EXTRACTED INFORMATION Block Start
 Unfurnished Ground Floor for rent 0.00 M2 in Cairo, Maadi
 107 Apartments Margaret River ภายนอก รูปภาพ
EXTRACTED INFORMATION Block End
EXTRACTED INFORMATION Block Start
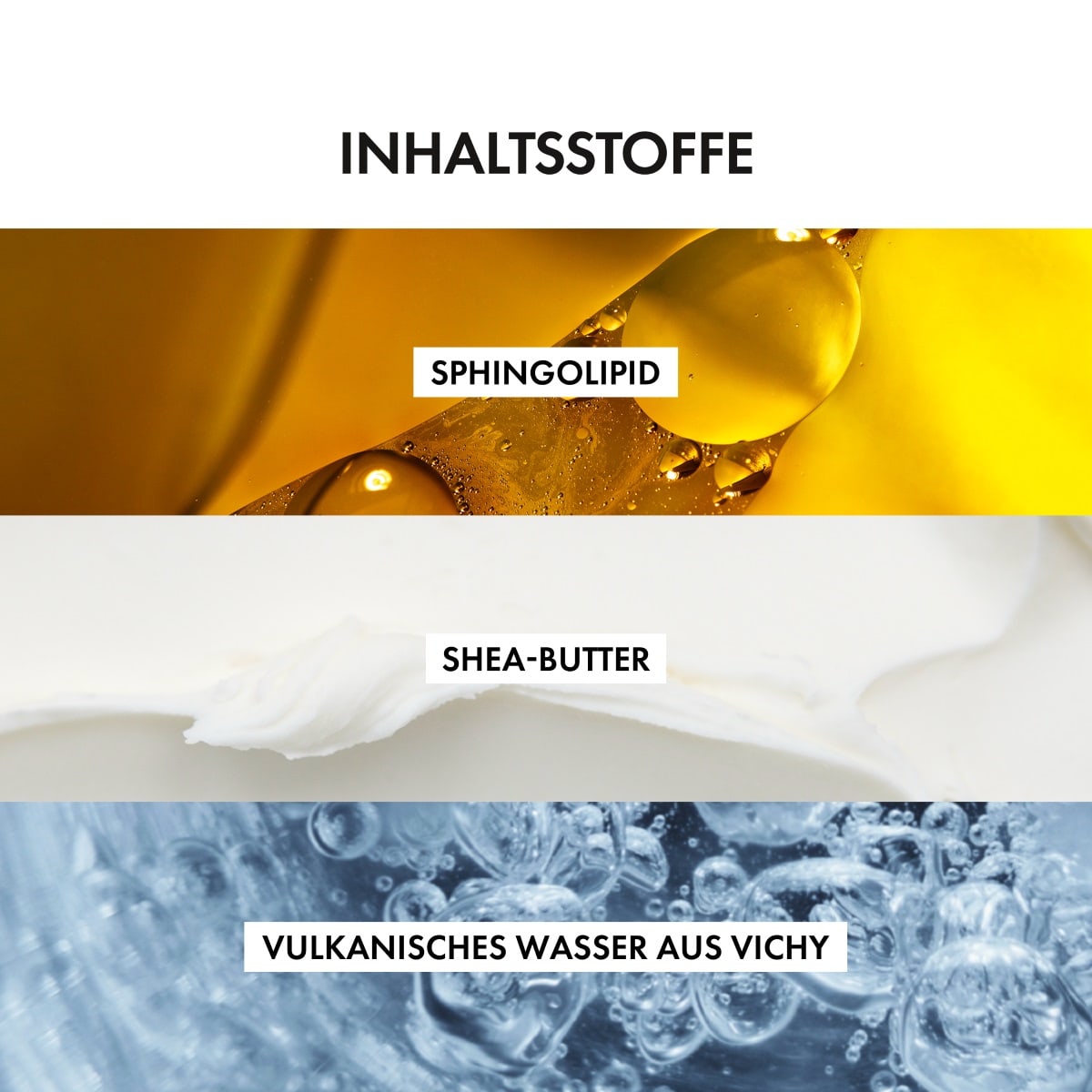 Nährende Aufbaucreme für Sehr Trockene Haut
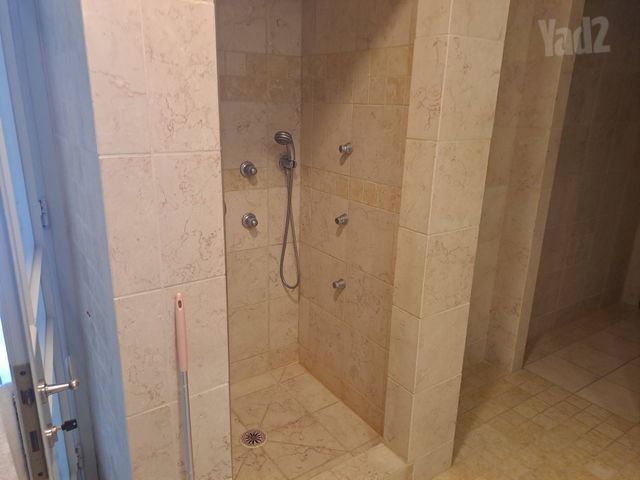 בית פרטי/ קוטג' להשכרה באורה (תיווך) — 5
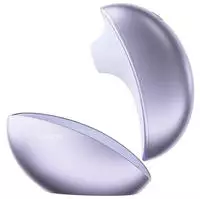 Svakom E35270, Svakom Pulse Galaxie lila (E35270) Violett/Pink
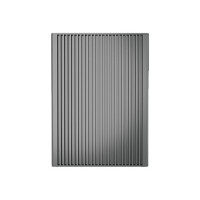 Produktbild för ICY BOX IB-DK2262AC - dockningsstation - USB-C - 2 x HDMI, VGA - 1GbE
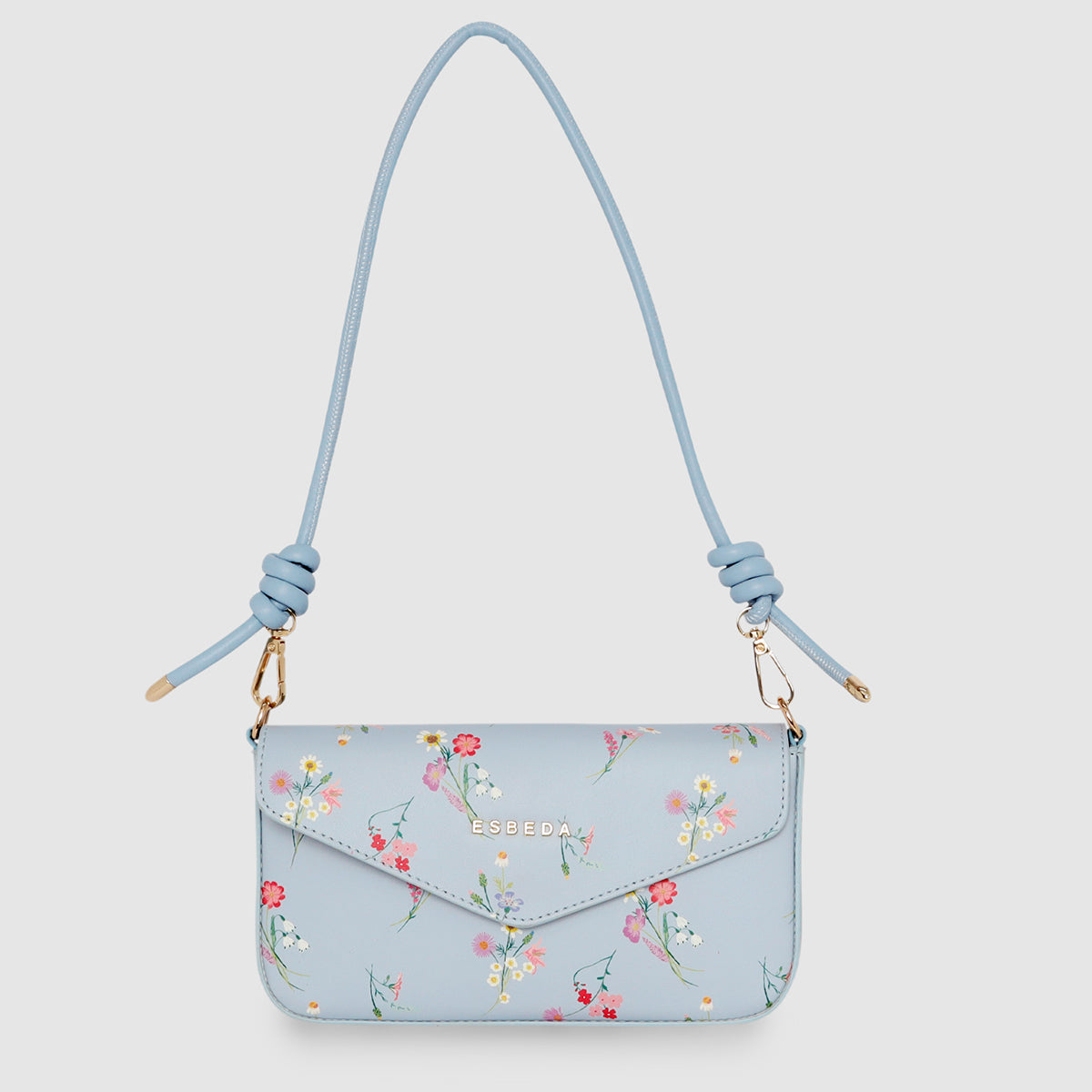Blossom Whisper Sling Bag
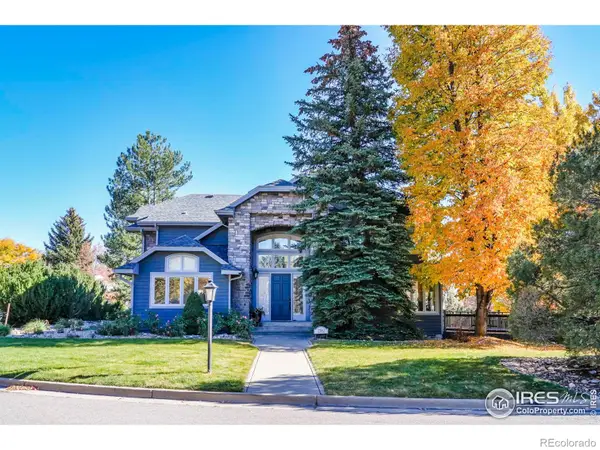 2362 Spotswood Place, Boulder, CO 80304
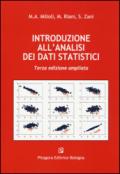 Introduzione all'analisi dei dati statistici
EXTRACTED INFORMATION Block End
- [YOUR INSTRUCTIONS]: Transcribe only this stretch of the data: the line with "Nährende Aufbaucreme für Sehr Trockene Haut", the line with "Introduzione all'analisi dei dati statistici", and every line in between. Leave out the pictures.

- [YOUR SOLUTION]:
 Nährende Aufbaucreme für Sehr Trockene Haut
 בית פרטי/ קוטג' להשכרה באורה (תיווך) — 5
 Svakom E35270, Svakom Pulse Galaxie lila (E35270) Violett/Pink
 Produktbild för ICY BOX IB-DK2262AC - dockningsstation - USB-C - 2 x HDMI, VGA - 1GbE
Blossom Whisper Sling Bag
 2362 Spotswood Place, Boulder, CO 80304
 Introduzione all'analisi dei dati statistici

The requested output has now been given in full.